Mssrs. Glass and Blair would be proud. And Brian Williams perhaps should feel equally vindicated, as he truly believed he was shot at in Iraq and a dead body floated by him in New Orleans. My, how history could change.
Jennifer Rubin’s column at the Washington Post provides a Trump-hater primer on why Wolff’s book is important, even if it is false. Because, you see, “…it has the power to change others’ behavior and perception of the president and the White House… First, Trump is going to be doubly suspicious of even his closest allies. Ivanka Trump mocking his hair? Jared Kushner trying to grab credit? He was paranoid before; now one should expect him to trust virtually no one in the White House.”
Ms. Rubin then giddily imagines how no one of quality will want to work in the White House, and can barely contain her excitement about how this book will negatively affect the president’s relationships with our allies. Not because anything is true, but simply because the claims are in a book.
What prompts Ms. Rubin’s approach of “fake but important” is possibly Mr. Wolff’s admitted reputation for having a difficult relationship with the truth. In a story about the book, Paul Farhi of the Washington Post provides an audit of Mr. Wolff’s questionable journalistic ethics over the years. Among his examples, Mr. Farhi relays a story from 2004, wherein a writer at the New Republic explains, “Much to the annoyance of Wolff’s critics, the scenes in his columns aren’t recreated so much as created — springing from Wolff’s imagination rather than from actual knowledge of events…”
The willingness of Trump-haters to believe anything negative about the president bodes well for Trump fabulists, and has taken on pathological proportions. Consider the “Gorilla Channel” hoax. An obviously satirical story on Twitter presented as an excerpt of the Wolff book went viral as many “verified” smart-set liberals and Trump-haters swallowed it whole. The premise? “It described how the president, on his first night in office, had complained that White House televisions did not carry “the gorilla channel” and that Trump spent hours a day watching gorilla programming his staff subsequently produced to satisfy his simian appetite,” reported Politico. For 17 hours a day, no less.

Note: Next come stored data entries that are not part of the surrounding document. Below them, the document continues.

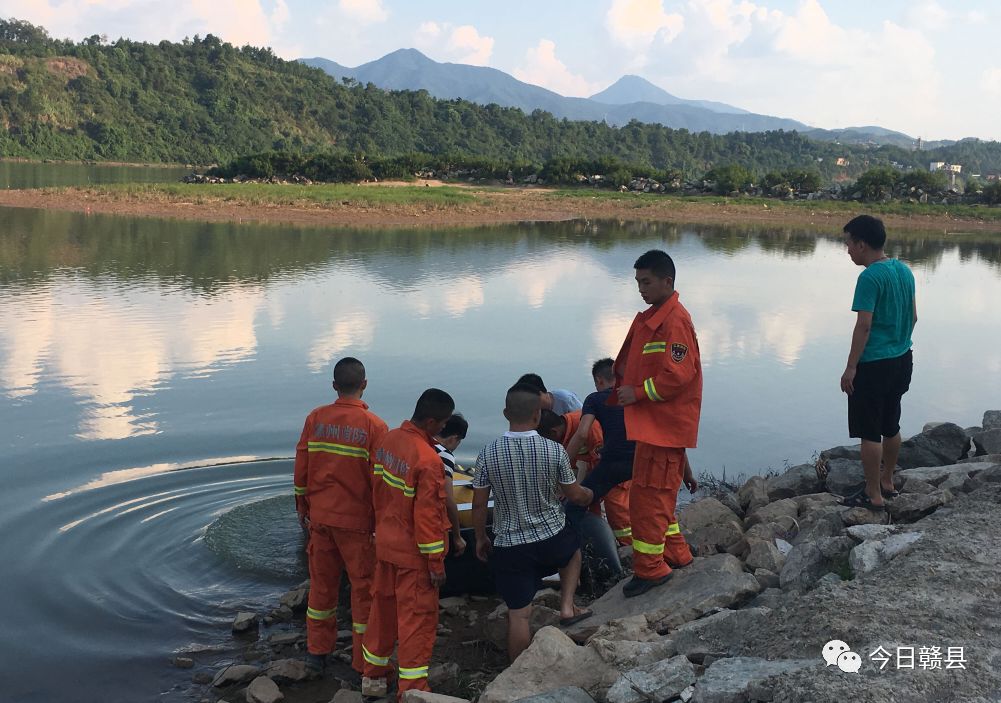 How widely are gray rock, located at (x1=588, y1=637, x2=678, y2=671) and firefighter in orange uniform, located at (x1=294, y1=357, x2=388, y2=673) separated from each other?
1457 mm

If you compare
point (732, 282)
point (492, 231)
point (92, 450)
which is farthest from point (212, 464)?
point (492, 231)

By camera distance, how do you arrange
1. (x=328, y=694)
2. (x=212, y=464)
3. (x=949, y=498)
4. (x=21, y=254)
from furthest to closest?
(x=21, y=254), (x=212, y=464), (x=949, y=498), (x=328, y=694)

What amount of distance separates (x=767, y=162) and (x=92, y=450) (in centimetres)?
10591

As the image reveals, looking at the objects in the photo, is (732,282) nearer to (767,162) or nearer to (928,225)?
(928,225)

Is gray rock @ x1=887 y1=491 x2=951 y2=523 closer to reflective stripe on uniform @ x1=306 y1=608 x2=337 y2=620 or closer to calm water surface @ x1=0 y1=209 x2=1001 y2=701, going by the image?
calm water surface @ x1=0 y1=209 x2=1001 y2=701

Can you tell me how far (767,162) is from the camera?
108m

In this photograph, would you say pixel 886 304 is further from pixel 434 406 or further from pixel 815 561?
pixel 434 406

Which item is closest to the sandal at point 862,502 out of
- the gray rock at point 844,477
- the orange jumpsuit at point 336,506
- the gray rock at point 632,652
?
the gray rock at point 844,477

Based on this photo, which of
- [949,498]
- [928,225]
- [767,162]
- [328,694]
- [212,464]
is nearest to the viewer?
[328,694]

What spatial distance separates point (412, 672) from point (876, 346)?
12.0ft

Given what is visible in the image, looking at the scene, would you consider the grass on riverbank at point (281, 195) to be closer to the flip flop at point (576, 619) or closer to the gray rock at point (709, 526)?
the gray rock at point (709, 526)

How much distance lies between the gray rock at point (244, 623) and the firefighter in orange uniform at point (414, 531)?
142 centimetres

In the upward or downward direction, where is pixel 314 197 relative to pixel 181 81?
downward

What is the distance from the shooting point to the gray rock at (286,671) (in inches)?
220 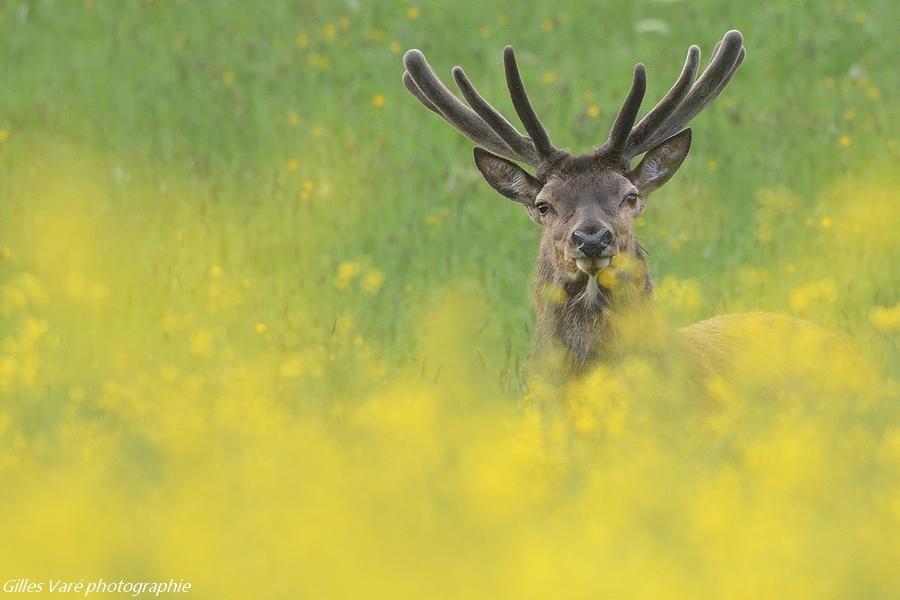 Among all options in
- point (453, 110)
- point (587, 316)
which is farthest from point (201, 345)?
point (453, 110)

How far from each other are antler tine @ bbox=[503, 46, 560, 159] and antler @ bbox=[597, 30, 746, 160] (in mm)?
243

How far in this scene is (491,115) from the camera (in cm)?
799

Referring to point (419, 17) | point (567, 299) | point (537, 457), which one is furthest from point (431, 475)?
point (419, 17)

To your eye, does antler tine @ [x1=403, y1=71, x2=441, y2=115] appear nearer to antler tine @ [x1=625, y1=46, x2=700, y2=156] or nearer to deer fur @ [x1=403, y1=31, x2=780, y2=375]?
deer fur @ [x1=403, y1=31, x2=780, y2=375]

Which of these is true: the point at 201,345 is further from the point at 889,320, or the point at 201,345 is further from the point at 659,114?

Those caught blushed sheepishly and made excuses. Having learned nothing, they then went right back at it, lauding and contemplating the importance of Mr. Wolff’s Trump exposé.
In an interview with CNN, Maggie Haberman, a columnist and White House reporter for the New York Times, pulled out her most gentle euphemisms about Mr. Wolff and his flight of fancy, “…[H]e believes in larger truths and narratives. So he creates a narrative that is notionally true, that’s conceptually true. The details are often wrong. it’s more than — it’s more than not 100 percent true. It’s a lot false.”
Mr. Wolff and his book are important, but not for the reasons liberals think. “Fire and Fury” isn’t about the truth of what’s transpiring inside the White House or about Donald or any other Trump. The book itself and the ensuing coverage are confessions that liberals and their media have abandoned reality for a fantasyland of fear, madness and victimhood because, pathetically, it makes them feel better.
In Stephen Glass’ fictionalized memoir “The Fabulist,” when asked why he did it, his protagonist responds, “I lied because I wanted people to love me.” Mr. Wolff must be quite pleased; he is no doubt loved, by everyone who hates the president.